Sementara itu, Sunan Gunung Jati kembali ke Cirebon untuk menduduki posisi bupati Cirebon menggantikan pangeran Cakrabuana yang wafat. Sedangkan  pangeran Hasanudin  memilih tetap tinggal di Banten untuk menjadi guru agama Islam. Di Banten ia mendirikan pesantren, dan memiliki santri yang cukup banyak,  sehingga diberi gelar Syekh. Sejak itu, ketenarannya jauh melampaui karisma Bupati Banten, yaitu pamannya sendiri Prabu Pucuk Umun.  Lantaran  pamannya kalah pamor, menjadikan hubungan keduanya berubah tidak harmonis.

Ayahnya,Sunan Gunung jati memberinya tugas berdakwa di kawasan banten. Tugas itu diembannya dengan baik. Bersama para santrinya ia melakukan dakwah Islam dari gunung ke gunung di sekitar Banten hingga ke Ujung Kulon.

Upaya Syekh Hasanudin dalam menyebarkan agama Islam bukan tak mengalami hambatan, justru hambatan yang terbesar dari pamannya sendiri yaitu Prabu Pucuk Umun. Ia bersikeras ingin mempertahankan ajaran Sunda Wiwitan (agama Hindu yang dipengaruhi kepercayaan animisme) sebagai satu-satunya agama resmi kala itu.

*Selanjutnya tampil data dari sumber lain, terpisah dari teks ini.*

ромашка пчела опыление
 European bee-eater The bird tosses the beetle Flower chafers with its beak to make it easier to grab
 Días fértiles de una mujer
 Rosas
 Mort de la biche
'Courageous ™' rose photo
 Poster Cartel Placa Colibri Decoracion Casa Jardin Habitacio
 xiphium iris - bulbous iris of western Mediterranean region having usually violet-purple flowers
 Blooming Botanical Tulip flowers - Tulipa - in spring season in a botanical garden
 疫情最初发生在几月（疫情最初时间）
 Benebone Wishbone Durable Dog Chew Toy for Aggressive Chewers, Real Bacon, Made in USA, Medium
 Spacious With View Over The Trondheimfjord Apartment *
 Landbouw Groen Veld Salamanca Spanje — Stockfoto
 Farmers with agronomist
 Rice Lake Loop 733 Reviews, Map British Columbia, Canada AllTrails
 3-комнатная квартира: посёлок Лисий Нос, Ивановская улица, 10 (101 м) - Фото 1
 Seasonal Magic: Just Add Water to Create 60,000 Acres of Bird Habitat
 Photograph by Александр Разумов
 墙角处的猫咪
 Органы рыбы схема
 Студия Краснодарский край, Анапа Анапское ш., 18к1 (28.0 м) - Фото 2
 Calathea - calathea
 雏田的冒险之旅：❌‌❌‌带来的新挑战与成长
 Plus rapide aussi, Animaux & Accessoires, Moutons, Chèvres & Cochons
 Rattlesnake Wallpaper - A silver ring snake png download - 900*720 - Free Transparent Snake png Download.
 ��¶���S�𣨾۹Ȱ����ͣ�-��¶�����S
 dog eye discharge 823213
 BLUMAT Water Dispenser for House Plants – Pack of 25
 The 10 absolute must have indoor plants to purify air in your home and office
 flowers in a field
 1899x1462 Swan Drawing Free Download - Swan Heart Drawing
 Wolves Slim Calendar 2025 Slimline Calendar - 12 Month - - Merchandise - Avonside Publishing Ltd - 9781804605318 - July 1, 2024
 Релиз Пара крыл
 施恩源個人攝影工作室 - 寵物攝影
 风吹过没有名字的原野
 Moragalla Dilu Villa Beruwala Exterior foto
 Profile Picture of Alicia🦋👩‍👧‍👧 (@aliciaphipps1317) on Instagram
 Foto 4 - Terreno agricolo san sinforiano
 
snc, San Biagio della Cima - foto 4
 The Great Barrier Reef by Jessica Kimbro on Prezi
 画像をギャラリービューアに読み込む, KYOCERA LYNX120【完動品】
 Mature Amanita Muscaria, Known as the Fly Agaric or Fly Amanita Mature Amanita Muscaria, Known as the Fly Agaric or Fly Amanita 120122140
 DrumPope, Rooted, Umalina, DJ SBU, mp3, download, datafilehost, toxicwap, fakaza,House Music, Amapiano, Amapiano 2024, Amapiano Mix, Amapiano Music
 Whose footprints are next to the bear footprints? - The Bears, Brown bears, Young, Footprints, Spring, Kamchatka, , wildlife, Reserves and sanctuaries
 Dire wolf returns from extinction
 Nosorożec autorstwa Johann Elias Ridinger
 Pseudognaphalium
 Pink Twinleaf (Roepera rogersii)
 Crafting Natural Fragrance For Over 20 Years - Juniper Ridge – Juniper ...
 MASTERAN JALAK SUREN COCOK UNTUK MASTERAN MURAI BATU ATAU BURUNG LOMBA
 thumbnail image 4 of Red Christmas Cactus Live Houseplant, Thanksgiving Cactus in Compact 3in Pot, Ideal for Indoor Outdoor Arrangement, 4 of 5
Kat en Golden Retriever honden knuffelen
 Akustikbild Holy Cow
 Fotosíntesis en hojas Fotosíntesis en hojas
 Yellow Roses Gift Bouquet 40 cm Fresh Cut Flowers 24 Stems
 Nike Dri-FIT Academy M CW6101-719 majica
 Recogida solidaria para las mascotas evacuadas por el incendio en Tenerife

Hal ini tidak menggetarkan semangat Syekh Hasanudin. Ia  terus menyebarkan dakwah Islam dengan gencar.

Karena pamornya terancam, Prabu Pucuk Umun menantang keponakannya untuk bertaruh. Yaitu  adu ayam jago. Hal itu dilakukan untuk menghindari jatuhnya korban jiwa. Jika ayam jago Pucuk Umun kalah, maka jabatannya sebagai Bupati Banten Girang akan diserahkan pada Syekh Hasanudin. Sebaliknya, jika ayam jago Syekh Hasanudin yang kalah, maka dakwahnya harus dihentikan. Tantangan itu pun diterima Syekh Hasanudin.

Duel ayam jago dilakukan di lereng Gunung Karang. Akhir pertarungan dimenangkan oleh jago milik Syekh Hasanudin. Sang paman,  Pucuk Umun pun menepati janjinya. Dia menyerahkan tahta Kabupaten Banten kepada Syekh Hasanudin.

Selanjutnya, ia dan para pengikutnya mengasingkan diri ke pedalaman Banten. Tepatnya di sekitar Gunung Kendeng. Atas perintah Pucuk Umun, para pengikutnya diminta menjaga serta mengelola kawasan tersebut. Konon inilah yang menjadi awal mula urang Kanekes yang dikenal juga dengan sebutan Suku Baduy.

Sementara itu, para pengikut Pucuk Umun lainnya yang sebagian besar terdiri dari punggawa dan pendeta,  menyatakan masuk Islam. Atas keberhasilannya, Syekh Hasanudin diangkat sebagai Bupati Banten. Pemerintahan di Banten Girang kemudian dipindah ke Banten Lor di pesisir Utara pulau Jawa.

Dari sinilah, tangan dingin Syekh Hasanudin terbukti mampu memajukan segala bidang. Ketika akhirnya Banten berubah menjadi kesultanan, Sultan Maulana Hasanudin menjadi Sultan pertama Banten. Makan lama-makin berkembang.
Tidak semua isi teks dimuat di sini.